┌─ Extracted material

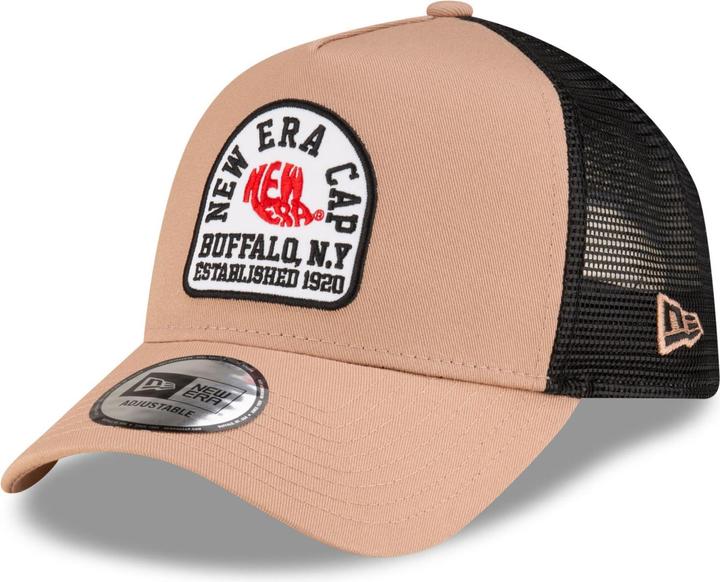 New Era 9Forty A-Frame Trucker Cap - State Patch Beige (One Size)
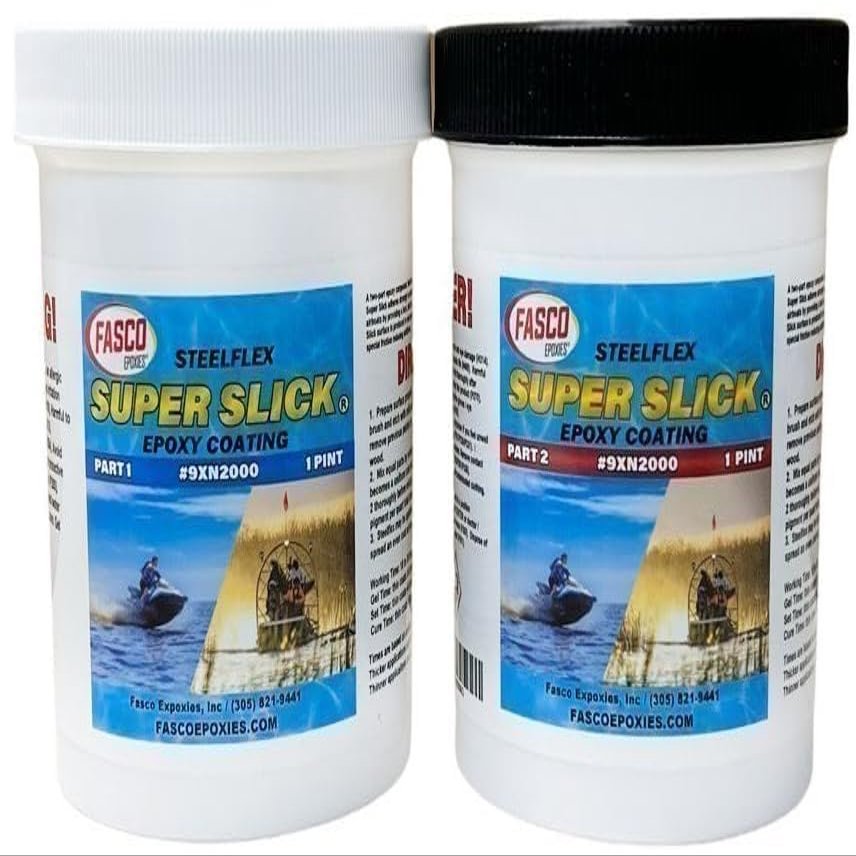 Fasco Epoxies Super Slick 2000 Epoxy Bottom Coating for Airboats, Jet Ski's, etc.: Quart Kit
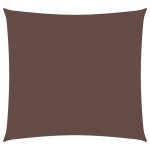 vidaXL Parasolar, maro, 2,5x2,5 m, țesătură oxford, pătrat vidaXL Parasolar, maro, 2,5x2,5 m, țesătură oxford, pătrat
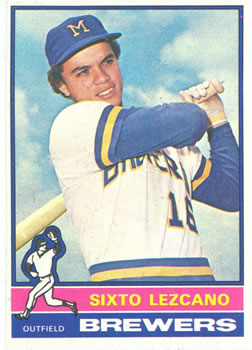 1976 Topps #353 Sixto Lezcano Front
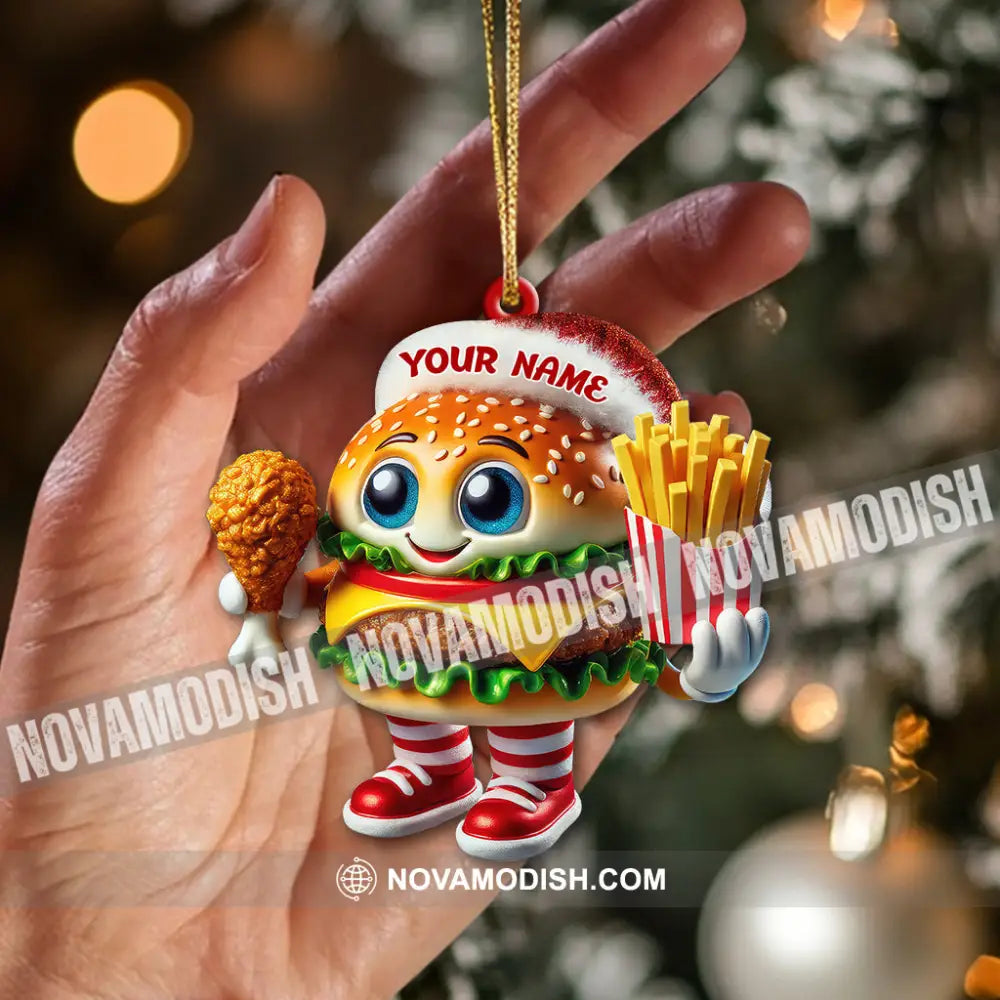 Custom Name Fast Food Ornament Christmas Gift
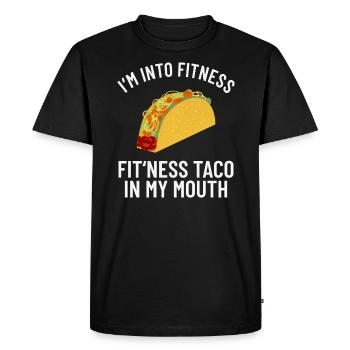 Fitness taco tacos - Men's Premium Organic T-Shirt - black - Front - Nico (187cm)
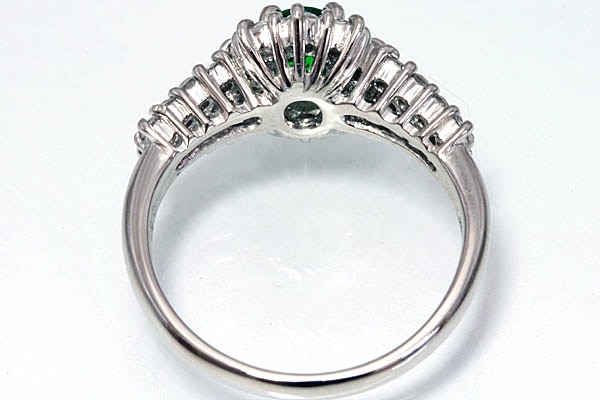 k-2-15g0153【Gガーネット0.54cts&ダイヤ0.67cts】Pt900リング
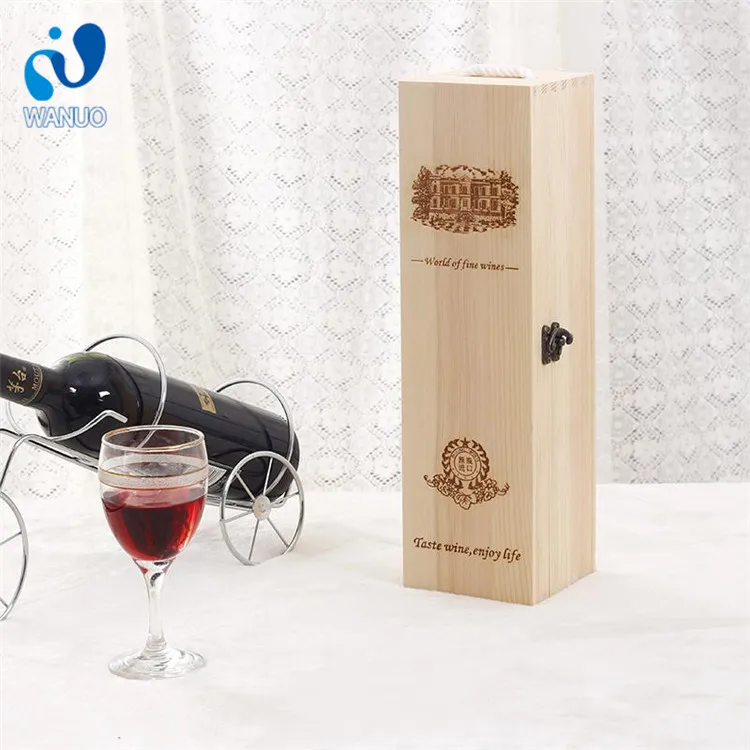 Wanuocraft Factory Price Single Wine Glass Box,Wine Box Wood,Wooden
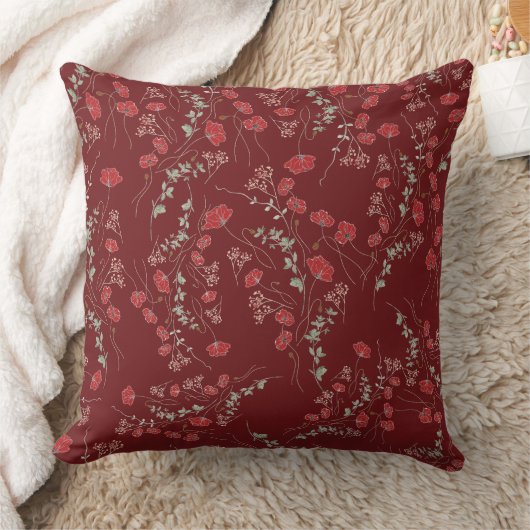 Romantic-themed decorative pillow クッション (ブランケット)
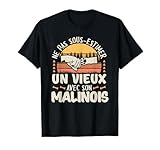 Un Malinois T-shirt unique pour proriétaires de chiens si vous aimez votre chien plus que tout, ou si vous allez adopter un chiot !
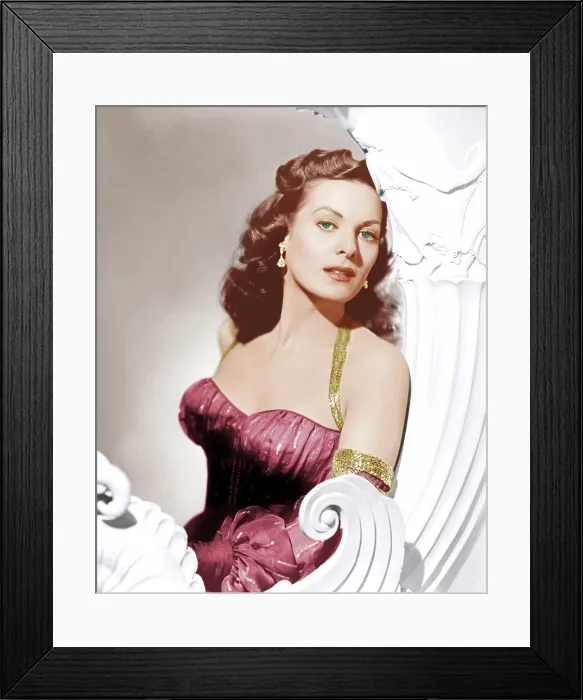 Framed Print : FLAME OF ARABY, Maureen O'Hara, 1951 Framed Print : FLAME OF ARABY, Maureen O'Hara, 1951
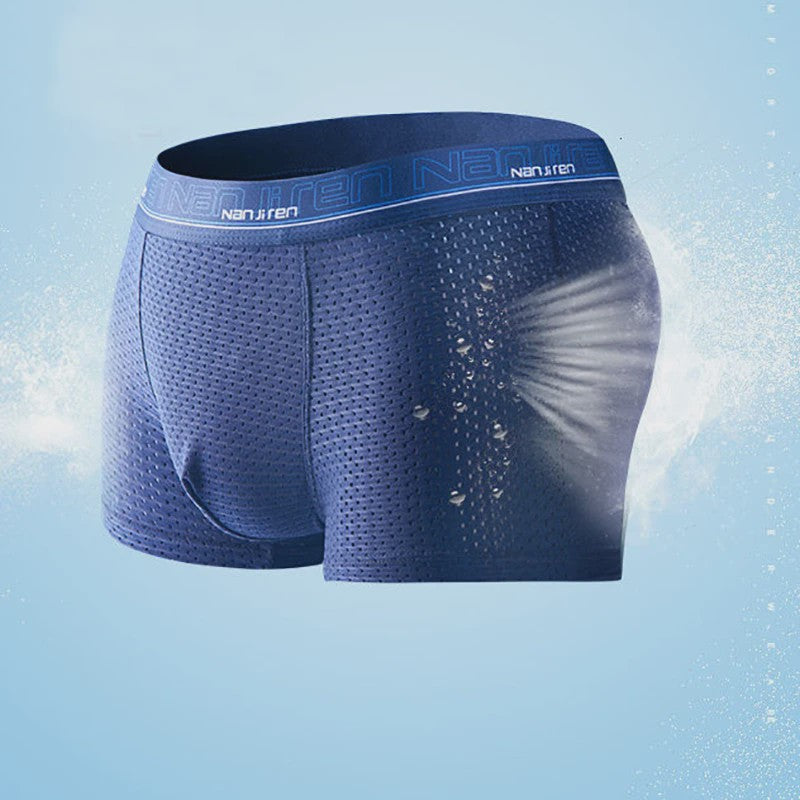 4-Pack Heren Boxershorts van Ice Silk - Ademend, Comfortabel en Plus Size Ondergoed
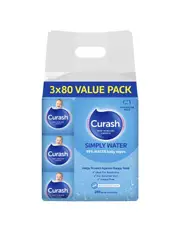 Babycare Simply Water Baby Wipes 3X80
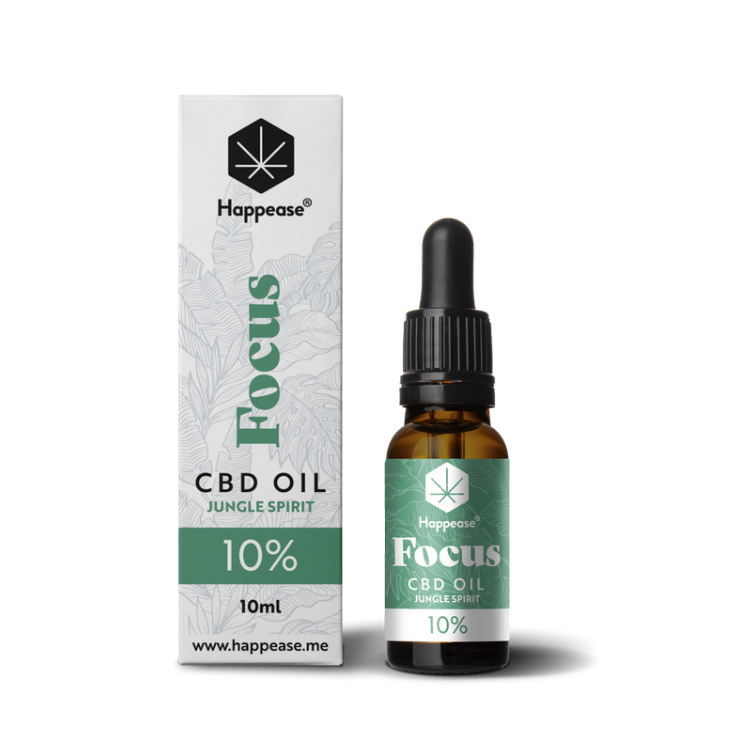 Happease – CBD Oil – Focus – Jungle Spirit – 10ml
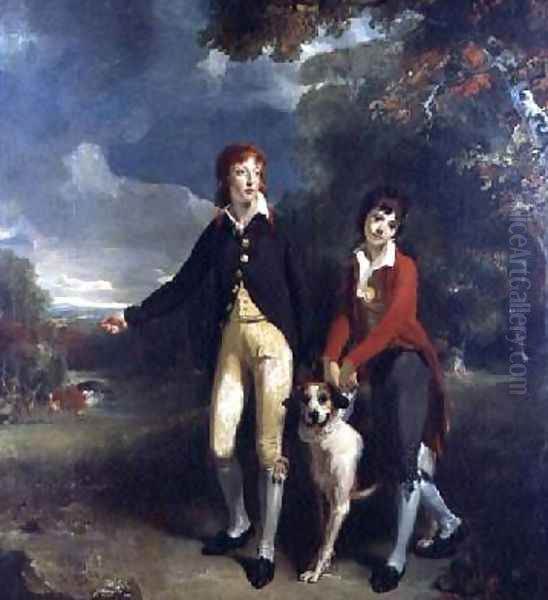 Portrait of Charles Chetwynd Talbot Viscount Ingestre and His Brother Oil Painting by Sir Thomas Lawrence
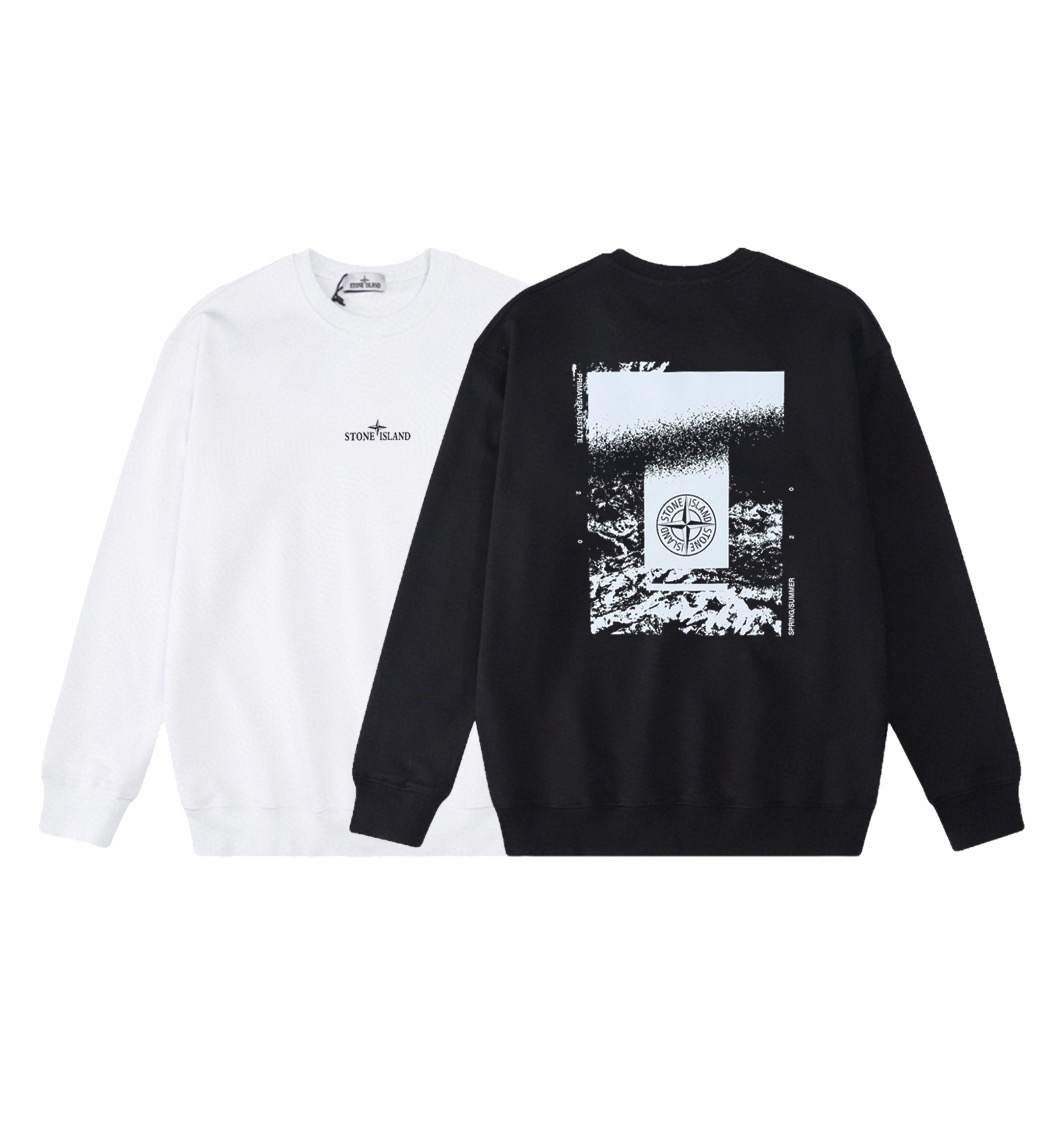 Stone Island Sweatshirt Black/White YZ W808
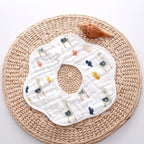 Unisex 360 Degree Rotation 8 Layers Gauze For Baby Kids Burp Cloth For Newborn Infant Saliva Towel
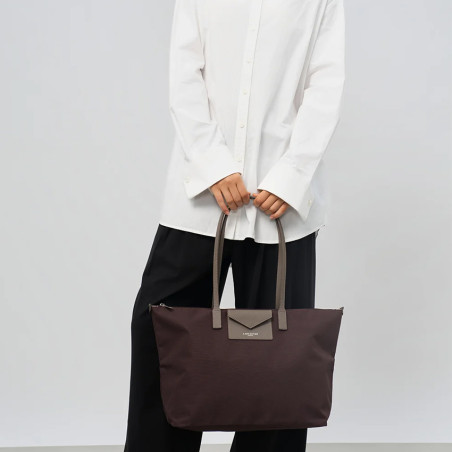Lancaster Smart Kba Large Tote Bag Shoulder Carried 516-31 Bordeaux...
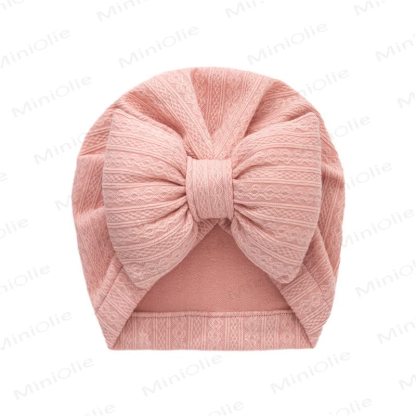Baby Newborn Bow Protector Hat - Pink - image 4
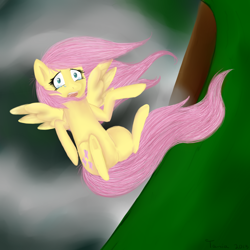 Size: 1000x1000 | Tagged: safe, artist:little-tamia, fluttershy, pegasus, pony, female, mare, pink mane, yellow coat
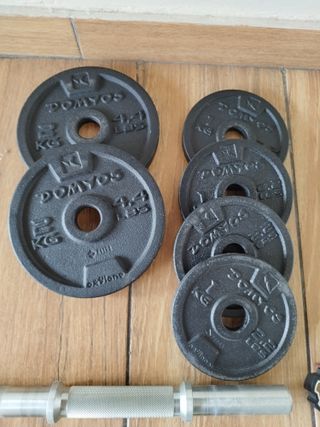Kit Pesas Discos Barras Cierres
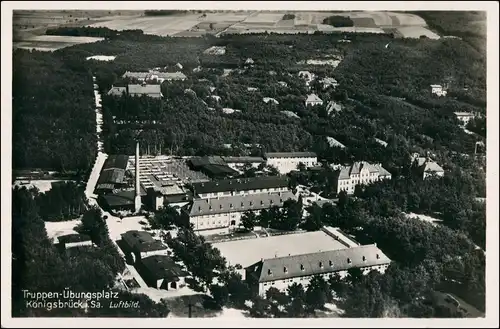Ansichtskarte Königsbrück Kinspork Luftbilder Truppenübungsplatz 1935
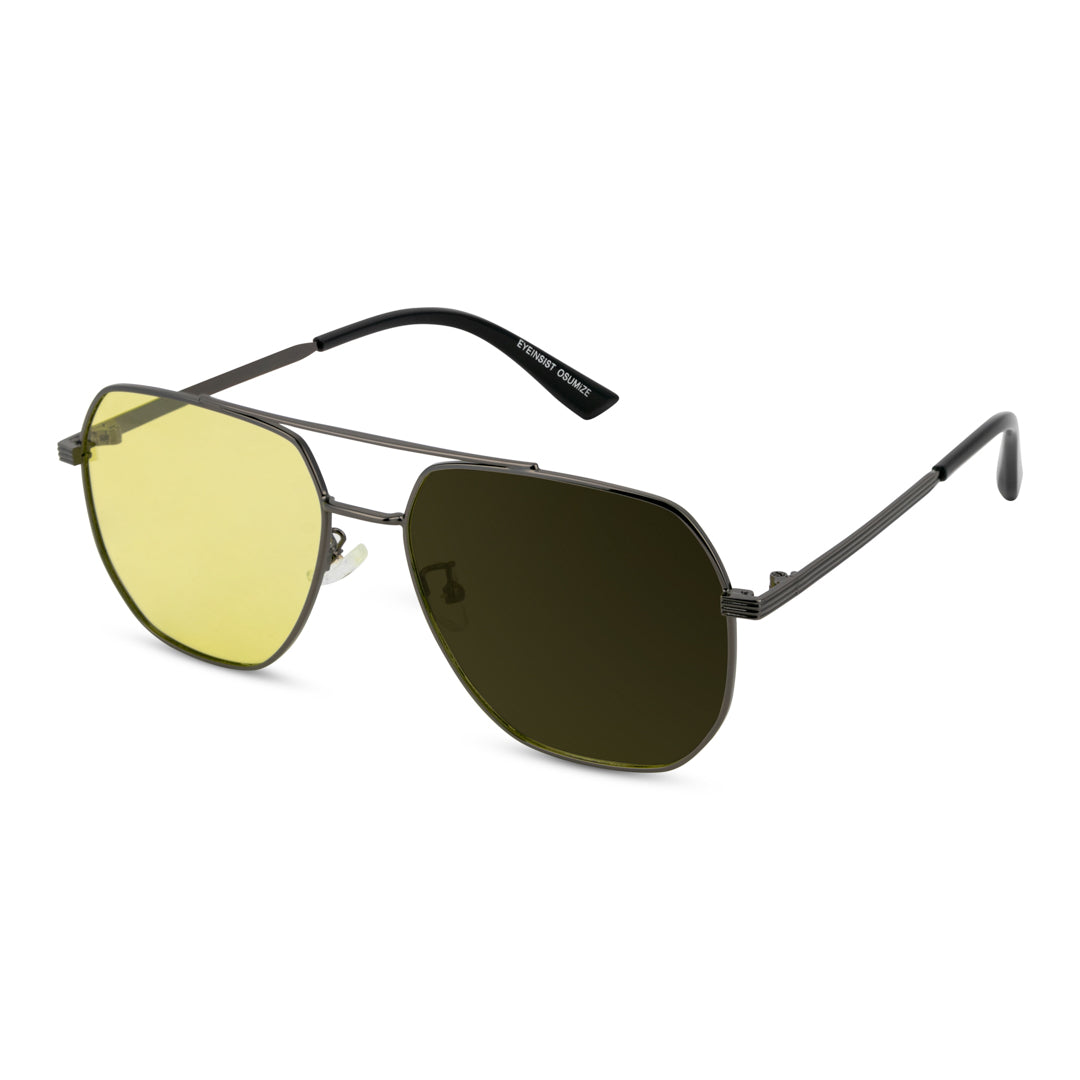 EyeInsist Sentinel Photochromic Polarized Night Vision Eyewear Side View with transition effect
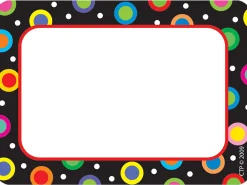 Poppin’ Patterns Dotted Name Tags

└─

- _What you need to do_
Nothing but the lines from the one that holds "Happease – CBD" through the end of the data should appear, written out exactly, without pictures.

- _Result_
 Happease – CBD Oil – Focus – Jungle Spirit – 10ml
 Portrait of Charles Chetwynd Talbot Viscount Ingestre and His Brother Oil Painting by Sir Thomas Lawrence
 Stone Island Sweatshirt Black/White YZ W808
 Unisex 360 Degree Rotation 8 Layers Gauze For Baby Kids Burp Cloth For Newborn Infant Saliva Towel
Lancaster Smart Kba Large Tote Bag Shoulder Carried 516-31 Bordeaux...
Baby Newborn Bow Protector Hat - Pink - image 4
 Size: 1000x1000 | Tagged: safe, artist:little-tamia, fluttershy, pegasus, pony, female, mare, pink mane, yellow coat
Kit Pesas Discos Barras Cierres
Ansichtskarte Königsbrück Kinspork Luftbilder Truppenübungsplatz 1935
 EyeInsist Sentinel Photochromic Polarized Night Vision Eyewear Side View with transition effect
 Poppin’ Patterns Dotted Name Tags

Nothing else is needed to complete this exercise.